Elasticsearch aggregation limitation-CodePudding

When I create an aggregate query what scope it is applied to: all entries in an index or just first 10000? For example, here is a response I got for a script metric aggregation:

{
    "took": 76,
    "timed_out": false,
    "_shards": {
        "total": 5,
        "successful": 5,
        "skipped": 0,
        "failed": 0
    },
    "hits": {
        "total": {
            "value": 10000,
            "relation": "gte"
        },
        "max_score": null,
        "hits": []
    },
    "aggregations": {
        "number_of_operations_in_progress": {
            "value": 2
        }
    }
}

hits->total->value is 10000 what makes me think that the aggregate function is applied to first 10000 entries only, not the whole data set in the index.

Is my understanding correct? If yes, is there a way to apply an aggregate function to all entries?

CodePudding user response：

Aggregations are always applied to the whole document set that is selected by the query.

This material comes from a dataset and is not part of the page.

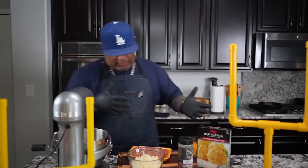Okay folks, the thumbnail got you here right? It's game day, so when you think about game day we think about appetizers, finger foods, all of that. I'm gonna show you guys how easy and quick it is to make sausage balls. Let's get it.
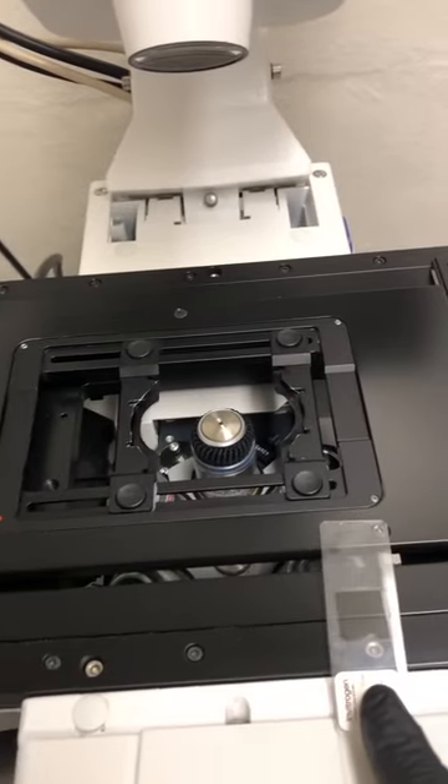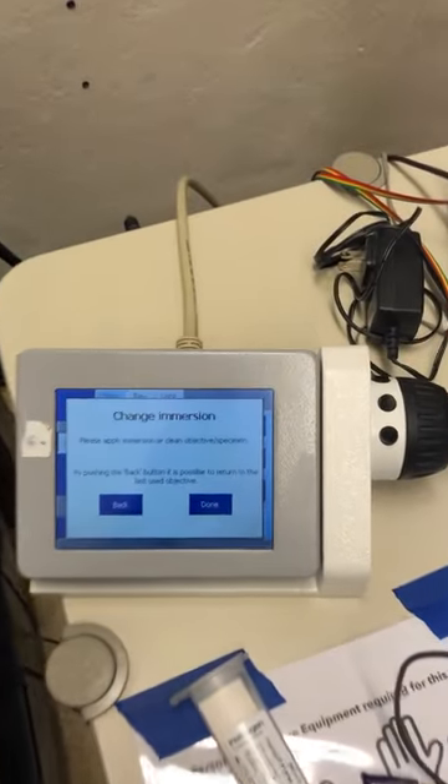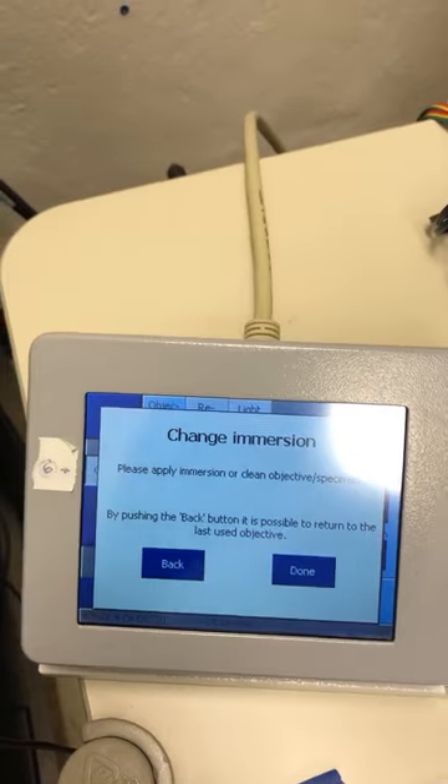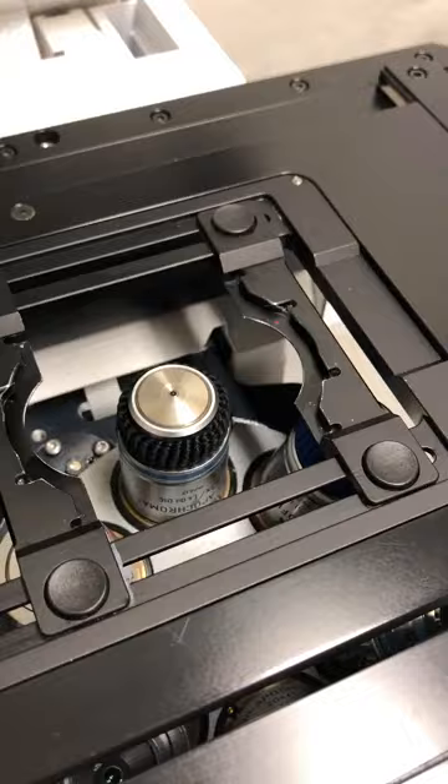As you can see, I've removed the sample and switched to the 63x oil objective by pressing the proper button on the touchscreen. When I did, it says 'change immersion - please apply immersion or clean the objective specimen.' This is relevant to us because we just switched this objective and we need to put oil on it.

hits.total.value only gives a hint at how many documents match the query, in this case more than 10K documents match the query.

CodePudding user response：

you can usr track_total_hits to control how the total number of hits should be tracked

POST index1/_search
{
  "track_total_hits": true,
  "query": {
    "match_all": {}
  },
  "aggs": {
    "groupbyk1": {
      "terms": {
        "field": "k1"
      }
    }
  }
}